If I did read it in second grade, and I’m confident in that date, it was 1968. The crew of Apollo 8 flew to the moon, orbited it, and came back to earth in December of 1968. That flight was a lot different than building a 50-person, multi-vehicle, lunar expedition in earth orbit. I do not recall how I reconciled the chasm between the real space program, and that shown in this book.

There’s a lot wrong with this book. The prose is carved out of wood, it’s very clunky to read. Our hero, Jim Stanley, is one-dimensional. There’s a potential romantic interest, but she’s grotesquely mis-handled. But it was fun to re-read this after 53 years or so. I remembered some pieces of it after all those years.

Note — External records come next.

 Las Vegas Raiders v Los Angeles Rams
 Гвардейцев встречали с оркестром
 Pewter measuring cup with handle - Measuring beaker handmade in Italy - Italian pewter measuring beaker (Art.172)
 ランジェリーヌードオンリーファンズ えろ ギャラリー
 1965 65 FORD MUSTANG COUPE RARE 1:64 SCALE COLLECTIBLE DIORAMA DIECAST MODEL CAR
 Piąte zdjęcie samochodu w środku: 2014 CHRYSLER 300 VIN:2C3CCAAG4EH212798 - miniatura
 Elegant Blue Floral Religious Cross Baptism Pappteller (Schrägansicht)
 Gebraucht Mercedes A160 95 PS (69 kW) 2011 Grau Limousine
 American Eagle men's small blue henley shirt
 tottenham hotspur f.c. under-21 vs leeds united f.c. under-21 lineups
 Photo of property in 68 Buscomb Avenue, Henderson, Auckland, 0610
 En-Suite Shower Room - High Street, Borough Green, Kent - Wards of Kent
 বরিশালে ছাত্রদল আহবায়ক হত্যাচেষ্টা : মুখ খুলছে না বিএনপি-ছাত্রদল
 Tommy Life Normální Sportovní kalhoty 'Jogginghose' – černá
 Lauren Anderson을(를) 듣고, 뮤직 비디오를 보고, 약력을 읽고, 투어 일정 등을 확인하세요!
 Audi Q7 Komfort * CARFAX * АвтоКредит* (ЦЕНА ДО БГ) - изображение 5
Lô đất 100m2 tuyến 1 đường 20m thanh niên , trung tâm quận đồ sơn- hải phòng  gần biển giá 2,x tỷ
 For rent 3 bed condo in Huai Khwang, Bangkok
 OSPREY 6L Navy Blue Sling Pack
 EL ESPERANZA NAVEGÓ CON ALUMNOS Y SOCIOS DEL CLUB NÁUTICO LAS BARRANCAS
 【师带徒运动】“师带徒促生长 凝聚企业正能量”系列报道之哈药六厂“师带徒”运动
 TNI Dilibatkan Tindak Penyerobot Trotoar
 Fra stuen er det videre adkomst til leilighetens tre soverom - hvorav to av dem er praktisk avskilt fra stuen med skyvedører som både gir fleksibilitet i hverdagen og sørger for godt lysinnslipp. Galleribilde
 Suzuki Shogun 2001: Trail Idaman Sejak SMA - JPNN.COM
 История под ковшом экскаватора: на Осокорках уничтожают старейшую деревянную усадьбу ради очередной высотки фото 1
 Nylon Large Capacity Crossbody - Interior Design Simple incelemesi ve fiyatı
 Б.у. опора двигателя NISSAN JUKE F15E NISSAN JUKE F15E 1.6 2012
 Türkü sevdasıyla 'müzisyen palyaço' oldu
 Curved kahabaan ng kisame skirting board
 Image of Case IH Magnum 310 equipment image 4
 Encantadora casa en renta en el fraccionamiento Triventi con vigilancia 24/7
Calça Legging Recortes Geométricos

Mission to the Moon dramatizes part of Wernher von Braun’s original space program, The Mars Project. It’s pretty clear Del Rey borrows from Across the Space Frontier and The Conquest of the Moon

I don’t think Del Rey understood orbital mechanics at all well. There’s a scene near the beginning of the book where our hero glimpses a second space station, that of The Combine, a fictionalized Communist Bloc. Somehow, nobody but a few science and engineering types who have Space Knowledge have noticed this second station, despite it being in about a 90-minute polar orbit. There’s also the oddity of the lunar exploration ships leaving from a low-earth polar orbit. Given that the moon is in a roughly equatorial orbit, that seems wrong.